- Pitcher
- Born: January 6, 1988 (age 38) Savannah, Georgia, U.S.
- Batted: RightThrew: Right

MLB debut
- September 3, 2015, for the San Francisco Giants

Last MLB appearance
- June 4, 2016, for the Miami Marlins

MLB statistics
- Win–loss record: 0-0
- Earned run average: 7.94
- Strikeouts: 10
- Stats at Baseball Reference

Teams
- San Francisco Giants (2015); Miami Marlins (2016);

= Cody Hall (baseball) =

American baseball player (born 1988)

Cody Kevin Hall (born January 6, 1988) is an American former professional baseball pitcher. He made his Major League Baseball (MLB) debut with the San Francisco Giants in 2015 and has also played for the Miami Marlins.

==Career==
===San Francisco Giants===
Hall played college baseball at Southern University and A&M College. He was drafted by the San Francisco Giants in the 19th round of the 2011 Major League Baseball draft. The Giants added Hall to their 40-man roster on November 20, 2014, and he made his major league debut on September 2, 2015.

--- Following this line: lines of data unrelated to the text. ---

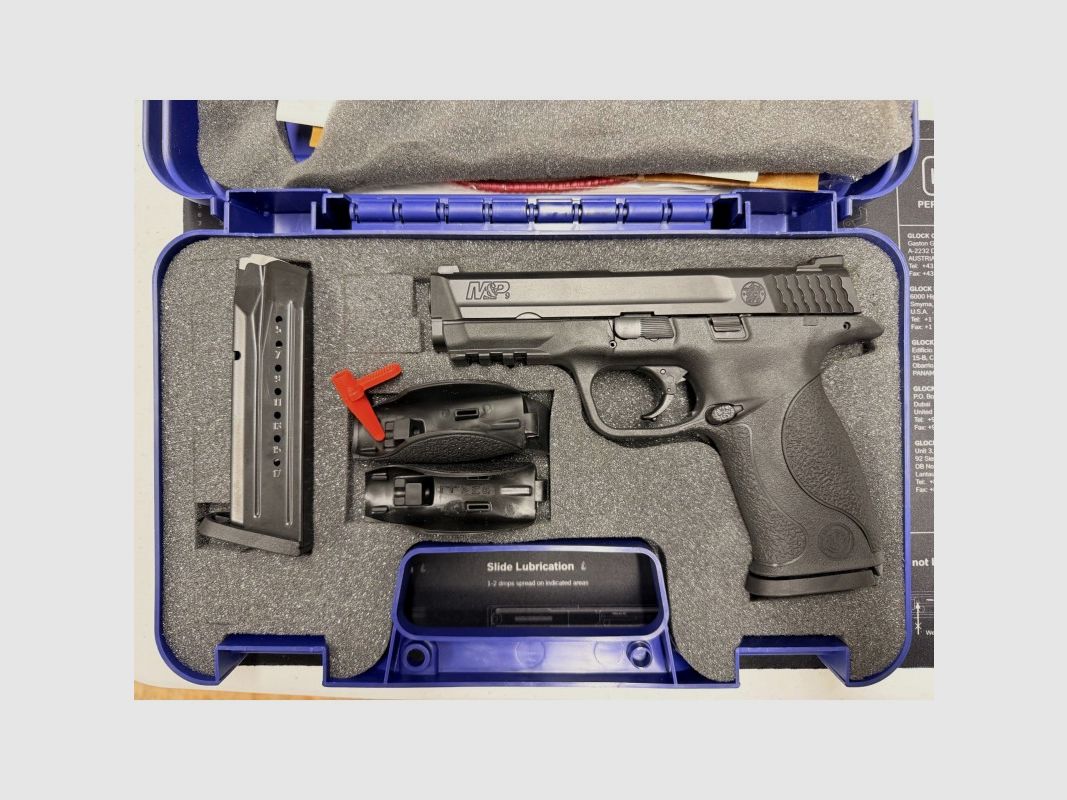 Smith & Wesson M&P 9 9 mm, Bild 4 von 4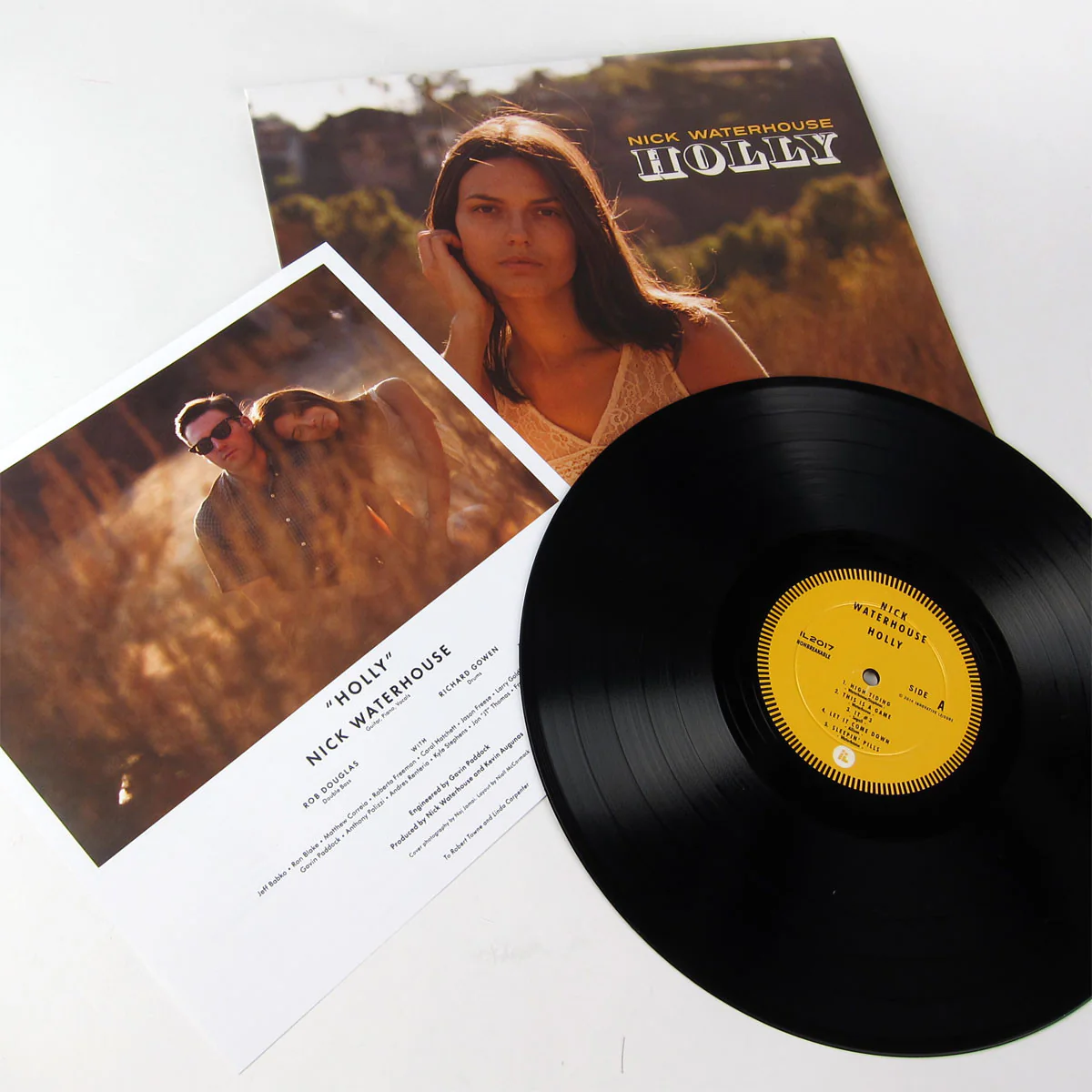 Nick Waterhouse: Holly Vinyl LP - Image 2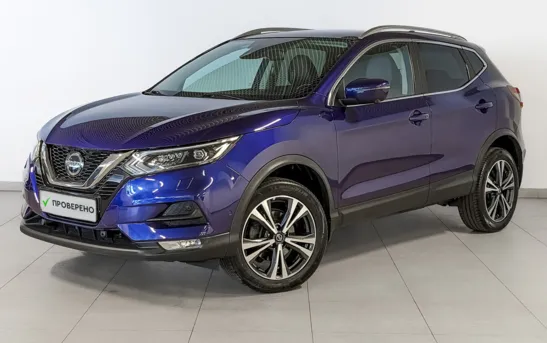 Nissan Qashqai 2.00 вариатор, фото №1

===Arizona Diamondbacks===
Hall was claimed off waivers by the Arizona Diamondbacks on January 13, 2016.

===Miami Marlins===
He was then claimed off waivers by the Miami Marlins on May 18, 2016. He was released on August 14, 2016.

===Lancaster Barnstormers===
On March 28, 2017, Hall signed with the Lancaster Barnstormers of the Atlantic League of Professional Baseball.

===San Francisco Giants (second stint)===
On June 26, 2017, Hall signed a minor league deal with the San Francisco Giants organization. In 25 games for the Double–A Richmond Flying Squirrels, he posted a 2.79 ERA with 40 strikeouts in 29.0 innings of work. Hall elected free agency following the season on November 6.

===Tampa Bay Rays===
On December 8, 2017, Hall signed a minor league contract with the Tampa Bay Rays. He was released on June 24, 2018.